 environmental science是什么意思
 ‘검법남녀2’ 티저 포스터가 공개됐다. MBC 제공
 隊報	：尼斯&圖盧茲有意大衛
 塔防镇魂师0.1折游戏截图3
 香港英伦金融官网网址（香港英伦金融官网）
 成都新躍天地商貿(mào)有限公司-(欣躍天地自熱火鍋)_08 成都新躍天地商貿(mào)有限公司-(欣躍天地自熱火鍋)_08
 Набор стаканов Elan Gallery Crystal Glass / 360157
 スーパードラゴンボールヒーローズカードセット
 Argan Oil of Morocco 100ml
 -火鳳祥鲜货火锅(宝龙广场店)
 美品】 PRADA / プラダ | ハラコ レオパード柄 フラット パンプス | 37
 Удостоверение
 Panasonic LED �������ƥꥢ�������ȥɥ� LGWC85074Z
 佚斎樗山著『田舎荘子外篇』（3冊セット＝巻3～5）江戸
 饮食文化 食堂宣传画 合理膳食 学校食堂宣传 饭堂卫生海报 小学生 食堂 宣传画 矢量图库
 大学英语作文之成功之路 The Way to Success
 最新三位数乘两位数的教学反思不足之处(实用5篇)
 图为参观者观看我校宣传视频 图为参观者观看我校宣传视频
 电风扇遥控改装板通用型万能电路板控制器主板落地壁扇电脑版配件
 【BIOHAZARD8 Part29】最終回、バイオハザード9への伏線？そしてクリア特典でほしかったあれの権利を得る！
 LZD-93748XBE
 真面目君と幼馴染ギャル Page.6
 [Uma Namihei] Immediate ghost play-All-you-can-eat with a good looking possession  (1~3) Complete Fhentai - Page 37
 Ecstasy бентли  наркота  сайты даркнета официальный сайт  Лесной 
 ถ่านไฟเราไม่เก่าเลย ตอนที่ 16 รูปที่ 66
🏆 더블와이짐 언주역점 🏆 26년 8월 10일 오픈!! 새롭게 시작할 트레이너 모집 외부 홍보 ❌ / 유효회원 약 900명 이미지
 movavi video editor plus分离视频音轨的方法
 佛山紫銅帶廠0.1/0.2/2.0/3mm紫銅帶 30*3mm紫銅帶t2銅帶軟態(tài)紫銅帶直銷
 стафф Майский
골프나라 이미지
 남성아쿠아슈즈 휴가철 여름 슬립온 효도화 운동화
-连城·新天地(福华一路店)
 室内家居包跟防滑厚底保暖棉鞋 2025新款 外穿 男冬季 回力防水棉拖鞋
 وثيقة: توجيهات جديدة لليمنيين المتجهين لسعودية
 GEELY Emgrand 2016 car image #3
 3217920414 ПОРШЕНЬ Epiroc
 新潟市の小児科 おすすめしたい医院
════════
-- EXERCISE GOAL --
The answer consists of every line above in which the word "Page" occurs.

-- SOLUTION FOR THIS PROBLEM --
 真面目君と幼馴染ギャル Page.6
 [Uma Namihei] Immediate ghost play-All-you-can-eat with a good looking possession  (1~3) Complete Fhentai - Page 37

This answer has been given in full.